Abbiamo passato il Capodanno più faticoso della nostra esistenza terrena: un'impresa titanica è stata compiuta per evitare il ricevimento del Giangi, il ritrovo della Ruri, il meeting dalla Jaja, il vernissage dalla Kikki, la festa a sorpresa da quella parvenue della Cocca, lo spettacolo pirotecnico da quell'arricchito del Momi, la solita, abituale e scontatissima lotteria di fine anno dall'ormai out Bubi.
Eccoci dunque, allo scoccare del mitico rintocco, a passeggiare a piedi nudi sulla calda sabbia di una spiaggia australiana, cercando di assaporare ogni istante di questa esperienza sicuramente irripetibile e, soprattutto, quanto mai alternativa.
Con tutta una serie di fortunate e non concatenate coincidenze raggiungiamo i limiti settentrionali della costa del Queensland, andando a spaparanzarci in un mega-iper-super-fanta complesso alberghiero situato a Port Douglas.
Causa meduse di dimensione extra-terrestre, create dalla mente perversa di qualche ingegnere locale colpito da insolazione cocente, anche qui ci è vietato immergersi nelle chiare e fresche acque, onde per cui passiamo il nostro dolce ozio ai bordi di una lussureggiante piscina con isolette, palme, cascatelle, idromassaggi e ... soliti gialli quanto mai brutti.

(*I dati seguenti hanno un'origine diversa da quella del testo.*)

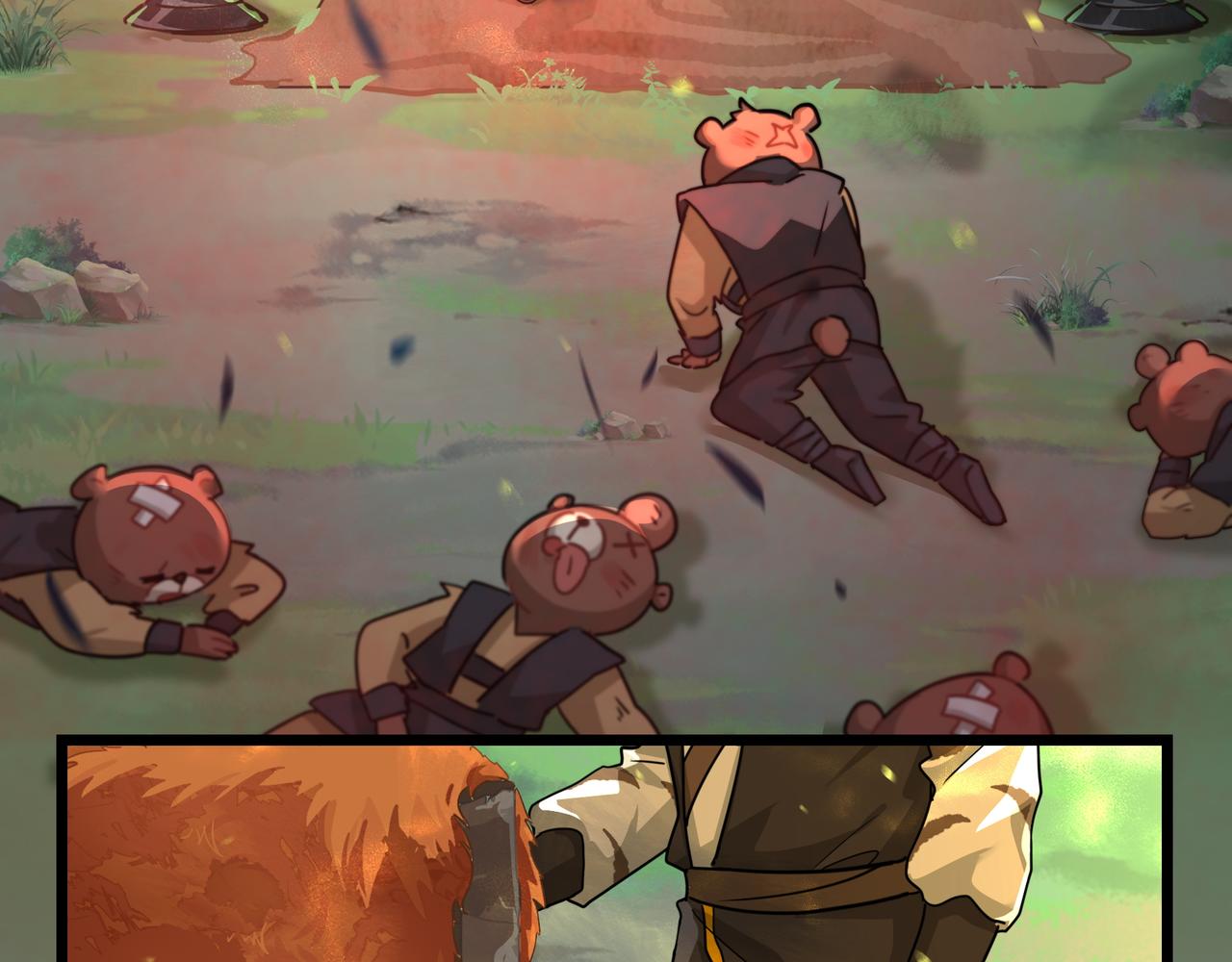 第二季第十六话：小姜丝的宠物(1/2)-第150话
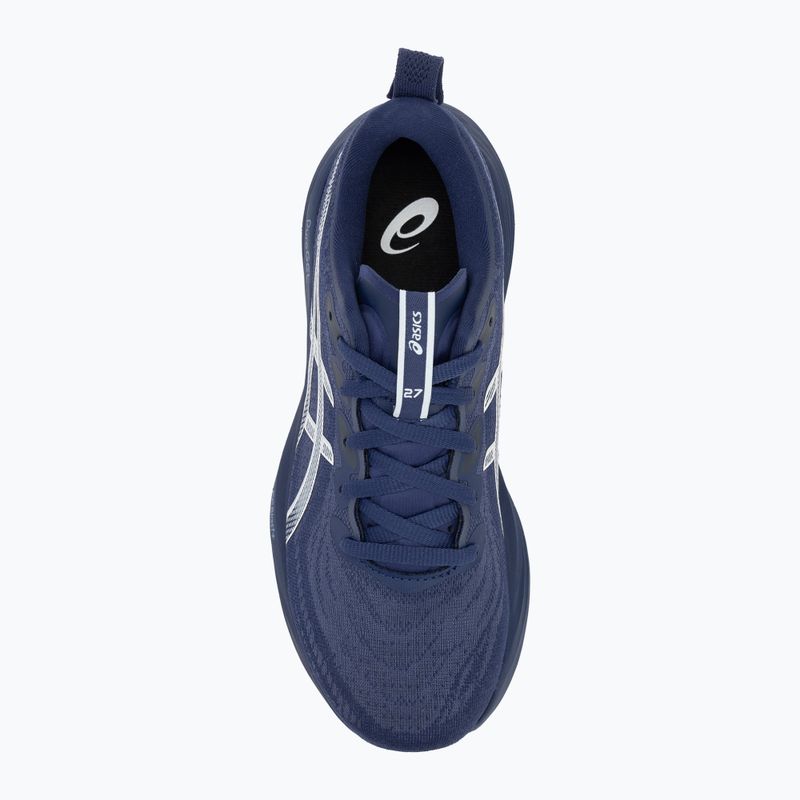 Moteriški bėgimo batai ASICS Gel-Cumulus 27 indigo blue/ cool grey 5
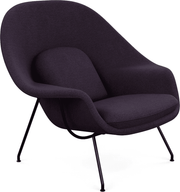 Womb Chair - Medium lounge chair Knoll 
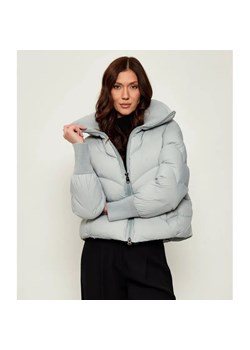 Hetrego Puchowa kurtka INARA | Oversize fit ze sklepu Gomez Fashion Store w kategorii Kurtki damskie - zdjęcie 185638200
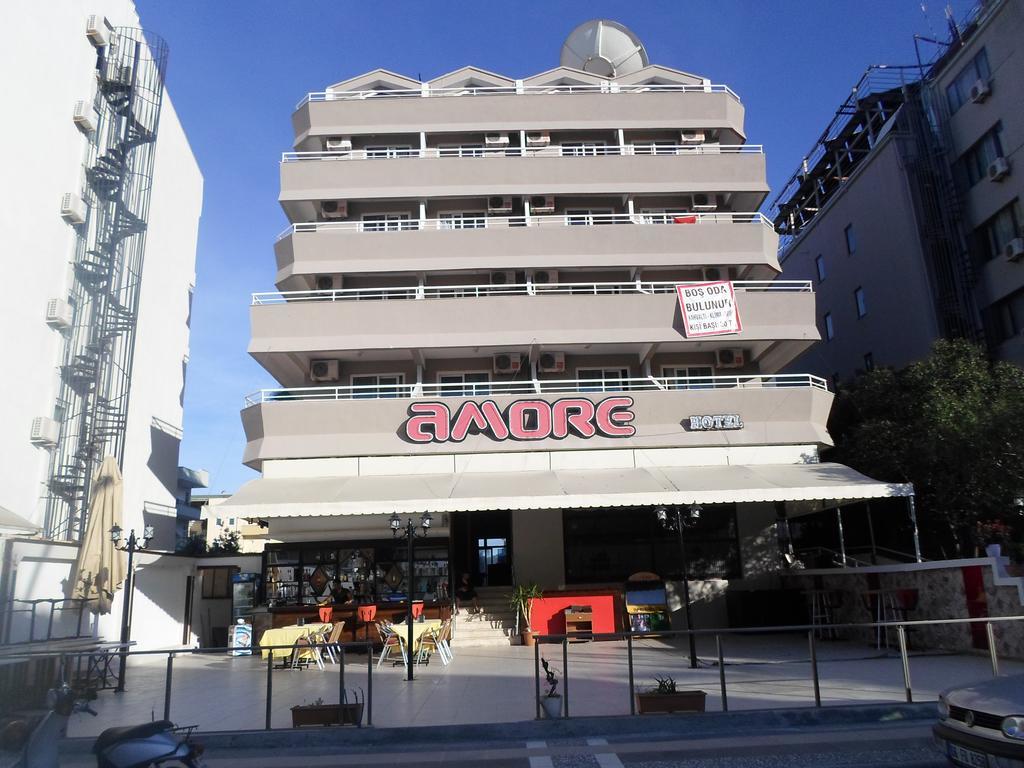 Hotel Amore مرمريس المظهر الخارجي الصورة
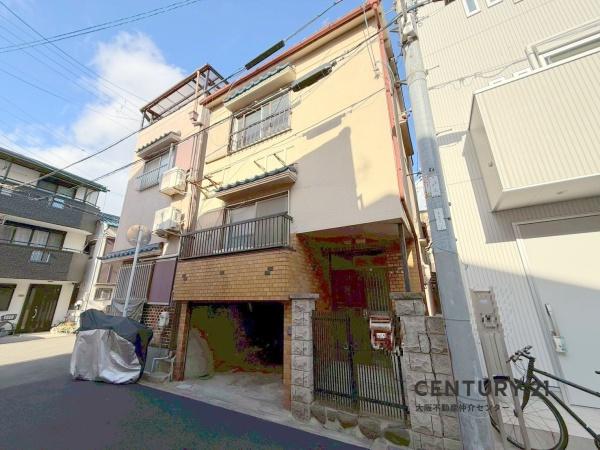 大阪市此花区朝日２丁目の中古一戸建て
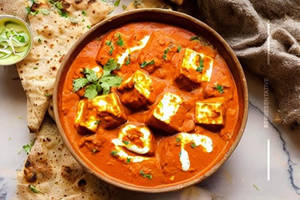 Paneer Butter Masala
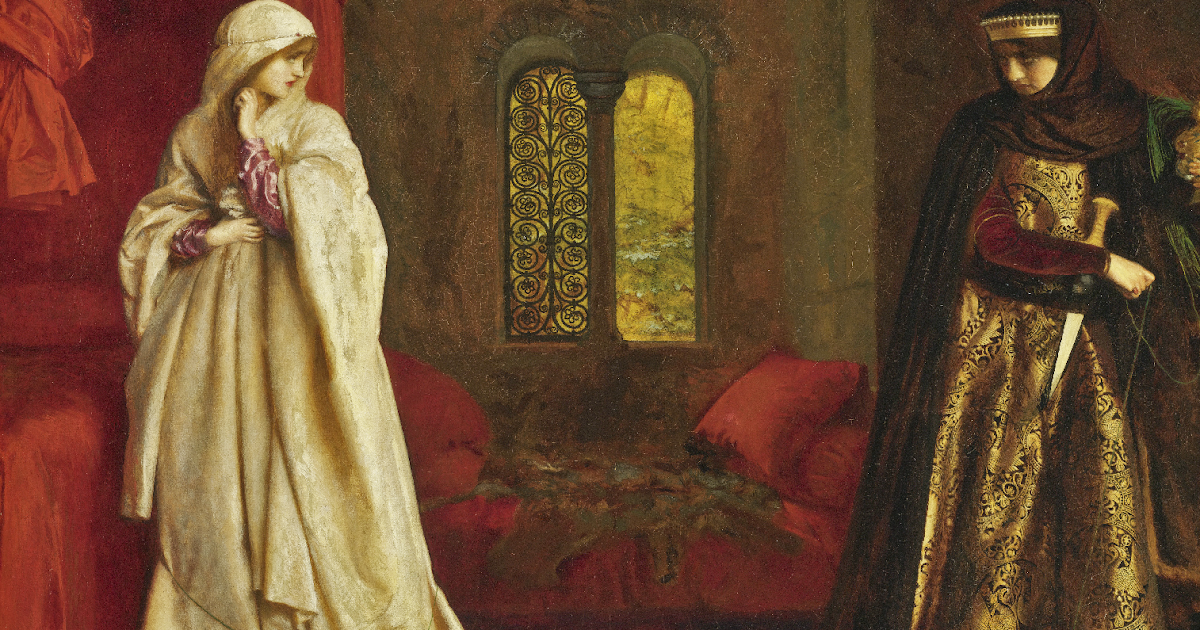 Victorian British Painting Frank Cadogan Cowper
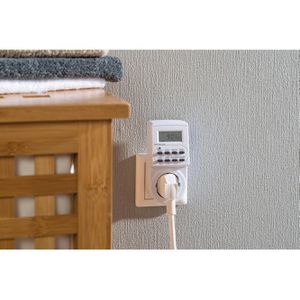 Produktbild für Zeitschaltuhr Brennenstuhl DZ 20, digital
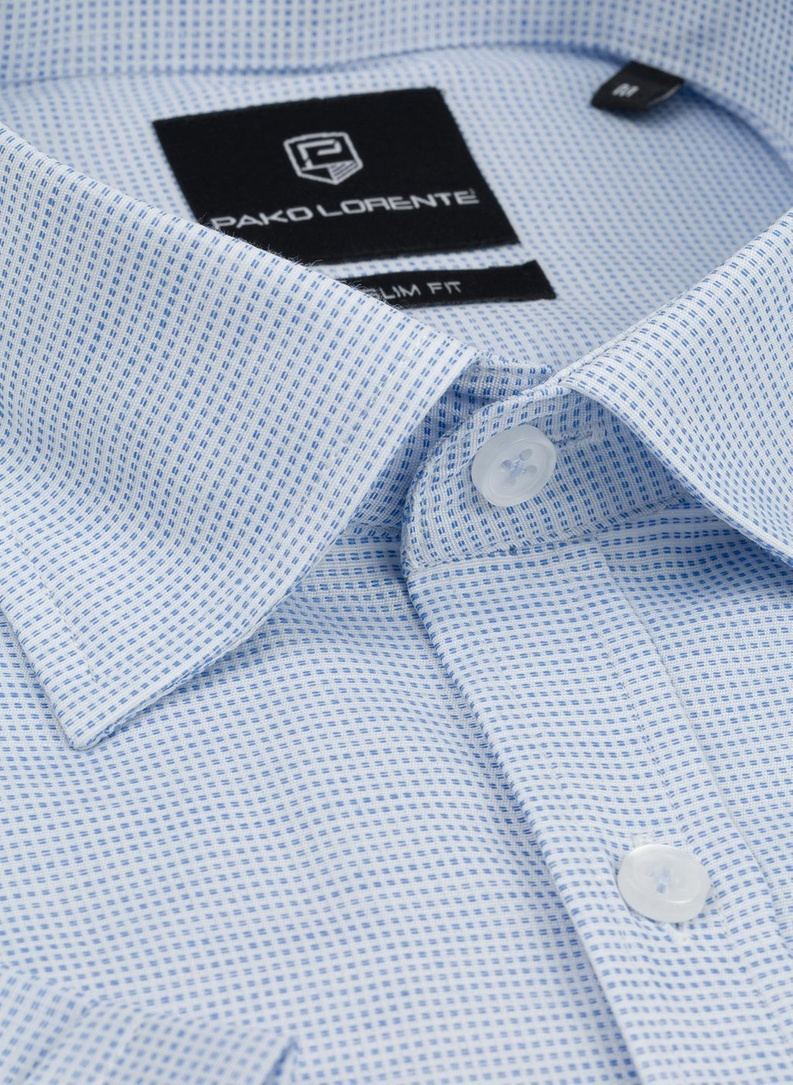 Koszula męska PENDEN PPLM9-1K-002-N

Interminabile promenade serale per giungere in centro città e ulteriore dubbio sul concetto locale di polis, trovandoci di fronte una volta di più a qualche decina di villette con piscina annessa e connessa, fronteggiate dall'immancabile strage del sabato sera del dopo discoteca di enormi rospi spiaccicati, al cui confronto il buon Dini appare veramente il Principe Azzurro.
Incaricati dall'azienda del turismo di delineare un profilo della vita serale in loco, eccoci superare la fatidica barriera delle otto di sera, abituale inizio della nanna, per poter estrapolare ed evidenziare i tratti, gli usi ed i malcostumi del divertimento notturno australiano.
Pur con tutta la buona volontà non riusciamo ad occupare più di venti minuti per capire l'antifona del niente e del nulla assoluto e la Provvidenza ci aiuta ad evitare commenti ad alta voce sugli unici due sfigati nottambuli, atrocemente targati Italia, al cui confronto Fantozzi è Antonio Banderas e la Pina Sharon Stone.
Il vecchio detto popolare, rimembra che non tutte le ciambelle vengono con il buco, è quello che ci appare stamattina quando, infoiati per il trip sulla barriera corallina, abbiamo alzato il naso e, apriti cielo, ecco le cataratte del Nilo riversarsi su di noi che avevamo rinunciato al tour ieri poiché insicuri a causa di qualche rado cumulo-nembo nel terso orizzonte australiano.
Ed invece invocazioni, scongiuri e fatture di Annie ci hanno permesso la solita scottata al rosmarino, parzialmente raffreddata da numerosi ciuffi in un’acqua favolosa, tra pesciotti di dimensione umana, tra coralli di ogni sfumatura, colore e tonalità, sopra fondali e sabbie quanto mai attraenti.
Meditazione serale: mai dire mai, soprattutto in presenza delle catastrofiche previsioni dei Bernacca locali e della nostra sfacciata fortuna in campo meteorologico.
Lasciando tra le lacrime di Annie questo posto quanto mai rilassante e soprattutto i suoi guardacoste quanto mai attraenti, facciamo un rapido dietro-front con destinazione la solita, cara, amatissima Milano che raggiungiamo con un escursus di soli 35 gradi centigradi dopo l'incredibile bagno di folla, di razze, di popolazioni, di stirpi e di tribù che pascolano per l'aeroporto di Honk-Kong.